Segment Open
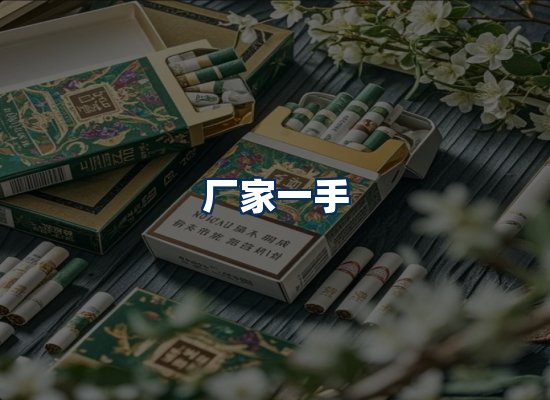 专业团队办公环境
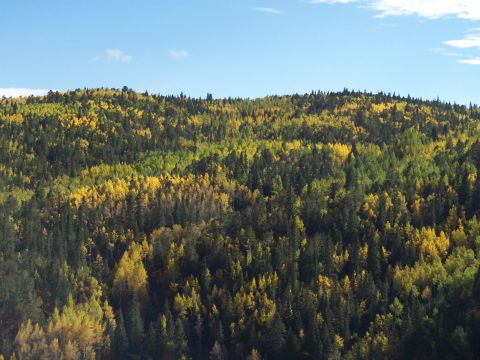 1972 Ford Ranchero - A hillside covered in a mix of evergreen and deciduous trees displays vibrant autumn colors under a clear blue sky.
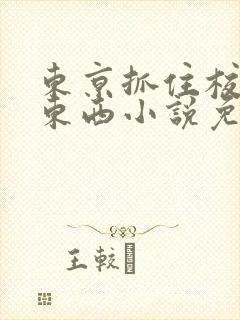 东京抓住校花偷东西小说免费阅读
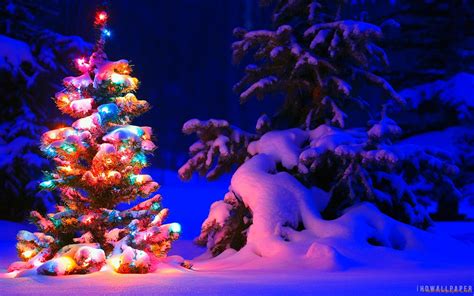 Beautiful Christmas Tree In Snow Wallpapers Wallpaper Cave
Segment Closed
== Task instructions ==
Output the full material exactly as given, without its pictures.

== Solution to the problem ==
 专业团队办公环境
 1972 Ford Ranchero - A hillside covered in a mix of evergreen and deciduous trees displays vibrant autumn colors under a clear blue sky.
 东京抓住校花偷东西小说免费阅读
 Beautiful Christmas Tree In Snow Wallpapers Wallpaper Cave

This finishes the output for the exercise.